Linear regression with data-dependent error variances

Given some measurements with iid errors and some covariates, a linear regression model can be written as

y_n = \alpha + \beta x_n + \epsilon_n \ \ \ \mbox{where} \ \ \ \epsilon_n \sim \mathsf{normal}(0,\sigma)

which can be fitted in stan as indicated in Stan User’s Guide.

My question is how you would formulate a model where

\epsilon_n \sim \mathsf{normal}(0,\sigma_n)

because of the y_n are measured each with their own error? I think this is a common problem, but I am not really sure how to approach it… Grateful for any insight!

V

A separate sigma term for each observation will cause the model to become very unstable. In the standard model with a single sigma, the model still captures the fact that sometimes you’ll observe small residuals and sometimes you’ll observe larger residuals.

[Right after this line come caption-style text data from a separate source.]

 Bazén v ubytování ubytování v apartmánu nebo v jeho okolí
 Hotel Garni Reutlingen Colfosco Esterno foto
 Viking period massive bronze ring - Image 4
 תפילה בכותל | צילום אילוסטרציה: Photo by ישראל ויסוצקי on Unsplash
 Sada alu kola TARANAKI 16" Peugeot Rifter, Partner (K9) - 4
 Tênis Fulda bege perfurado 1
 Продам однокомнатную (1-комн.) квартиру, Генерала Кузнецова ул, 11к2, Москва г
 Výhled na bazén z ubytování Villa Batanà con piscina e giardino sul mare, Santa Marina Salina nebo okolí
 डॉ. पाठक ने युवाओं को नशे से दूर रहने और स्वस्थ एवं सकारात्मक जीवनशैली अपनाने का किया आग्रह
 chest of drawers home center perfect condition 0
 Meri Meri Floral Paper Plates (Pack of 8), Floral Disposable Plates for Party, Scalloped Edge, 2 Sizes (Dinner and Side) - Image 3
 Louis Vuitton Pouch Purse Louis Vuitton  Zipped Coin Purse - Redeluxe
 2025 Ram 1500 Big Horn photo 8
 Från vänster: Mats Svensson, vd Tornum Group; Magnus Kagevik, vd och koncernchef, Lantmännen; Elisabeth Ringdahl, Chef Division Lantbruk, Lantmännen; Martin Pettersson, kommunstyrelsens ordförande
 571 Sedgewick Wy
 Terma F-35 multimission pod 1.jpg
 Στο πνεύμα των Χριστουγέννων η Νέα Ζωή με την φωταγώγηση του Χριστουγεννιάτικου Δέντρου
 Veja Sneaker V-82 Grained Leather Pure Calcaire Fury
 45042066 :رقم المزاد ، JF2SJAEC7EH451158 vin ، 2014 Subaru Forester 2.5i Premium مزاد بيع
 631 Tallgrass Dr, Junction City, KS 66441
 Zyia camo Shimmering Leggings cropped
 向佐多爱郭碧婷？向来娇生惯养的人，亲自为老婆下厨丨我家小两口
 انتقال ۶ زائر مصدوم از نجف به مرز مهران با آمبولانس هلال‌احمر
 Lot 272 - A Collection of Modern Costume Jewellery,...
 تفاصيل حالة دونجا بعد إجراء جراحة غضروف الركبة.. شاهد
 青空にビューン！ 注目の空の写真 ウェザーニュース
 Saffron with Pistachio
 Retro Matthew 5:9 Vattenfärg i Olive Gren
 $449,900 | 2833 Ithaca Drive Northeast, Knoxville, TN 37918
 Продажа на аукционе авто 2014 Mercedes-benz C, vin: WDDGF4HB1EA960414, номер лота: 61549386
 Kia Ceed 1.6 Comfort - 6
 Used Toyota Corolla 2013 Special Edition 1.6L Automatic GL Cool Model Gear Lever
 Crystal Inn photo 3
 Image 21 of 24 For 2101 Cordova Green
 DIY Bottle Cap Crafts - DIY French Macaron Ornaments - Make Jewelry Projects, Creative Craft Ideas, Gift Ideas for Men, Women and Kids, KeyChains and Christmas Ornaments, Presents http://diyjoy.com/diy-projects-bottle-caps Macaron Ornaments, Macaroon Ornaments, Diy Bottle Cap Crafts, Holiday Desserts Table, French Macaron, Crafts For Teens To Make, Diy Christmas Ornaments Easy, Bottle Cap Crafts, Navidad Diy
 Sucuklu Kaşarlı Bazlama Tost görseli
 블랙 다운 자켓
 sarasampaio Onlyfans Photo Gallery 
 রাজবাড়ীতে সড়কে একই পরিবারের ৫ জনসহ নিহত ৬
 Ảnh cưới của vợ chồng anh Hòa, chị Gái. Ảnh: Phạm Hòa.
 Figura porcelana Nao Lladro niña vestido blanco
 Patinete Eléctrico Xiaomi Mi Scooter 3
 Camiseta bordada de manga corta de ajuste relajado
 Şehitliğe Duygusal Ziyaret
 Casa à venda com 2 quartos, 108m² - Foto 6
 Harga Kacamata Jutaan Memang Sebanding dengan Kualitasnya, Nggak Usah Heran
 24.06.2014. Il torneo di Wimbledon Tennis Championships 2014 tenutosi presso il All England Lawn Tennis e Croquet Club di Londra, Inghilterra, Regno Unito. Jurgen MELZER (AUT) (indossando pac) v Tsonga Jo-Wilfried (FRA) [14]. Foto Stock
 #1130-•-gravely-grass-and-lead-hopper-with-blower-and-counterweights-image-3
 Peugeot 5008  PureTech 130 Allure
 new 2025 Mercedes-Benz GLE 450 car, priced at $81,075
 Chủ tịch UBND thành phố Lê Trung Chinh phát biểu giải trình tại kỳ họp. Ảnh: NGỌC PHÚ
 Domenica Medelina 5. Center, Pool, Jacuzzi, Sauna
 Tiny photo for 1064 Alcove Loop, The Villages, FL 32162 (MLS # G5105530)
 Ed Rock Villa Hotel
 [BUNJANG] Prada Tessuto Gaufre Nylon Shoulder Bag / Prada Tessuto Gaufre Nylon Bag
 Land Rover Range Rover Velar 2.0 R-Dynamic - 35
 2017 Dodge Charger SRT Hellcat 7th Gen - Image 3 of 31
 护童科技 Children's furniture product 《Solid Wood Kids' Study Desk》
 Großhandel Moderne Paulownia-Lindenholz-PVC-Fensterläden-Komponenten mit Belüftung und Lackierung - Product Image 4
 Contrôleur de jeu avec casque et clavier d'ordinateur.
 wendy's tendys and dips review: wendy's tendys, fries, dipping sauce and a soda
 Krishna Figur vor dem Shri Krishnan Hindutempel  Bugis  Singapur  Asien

Adding a unique sigma for each observation will render all of the sigmas under-informed, which in turn will cause the parameters associated with the mean to become under-informed.

There are cases where it might make sense to model different magnitudes of measurement noise for different observations, but these cases usually involve either very strong prior information or other variables that inform the model.

2 Likes

Known variances σn create no problems at all. Just include them as data, for example

data {
  int<lower=1> N;
  vector[N] x;
  vector[N] y;
  vector<lower=0.>[N] sigma;
}

Then in the parameter and model blocks you’d have something like

parameters {
  real a;
  real b;
}
model {
  target += normal_lpdf(y | a + b*x, sigma);
}

with, of course, appropriate priors on a and b.

This is a pretty common situation with astronomical data, which usually traces back to counts of photon arrivals. Of course if you don’t know the true uncertainties or at least have a model for how they’re generated this doesn’t work.

6 Likes

I see, thanks a lot!

Ah, good catch. Yes, if there is external information on distinct measurement noise magnitude expected for each observation, then the model will be most accurate if they are used. Passing them as data implies complete certainty on their value, which might not be entirely warranted; an alternative is to have them as parameters and use priors that are centered on their expected values and tapering off relatively quickly to either side.

1 Like

It depends what you mean by “error”, and what kind of information you’re trying to model. Here’s something else you may want to consider.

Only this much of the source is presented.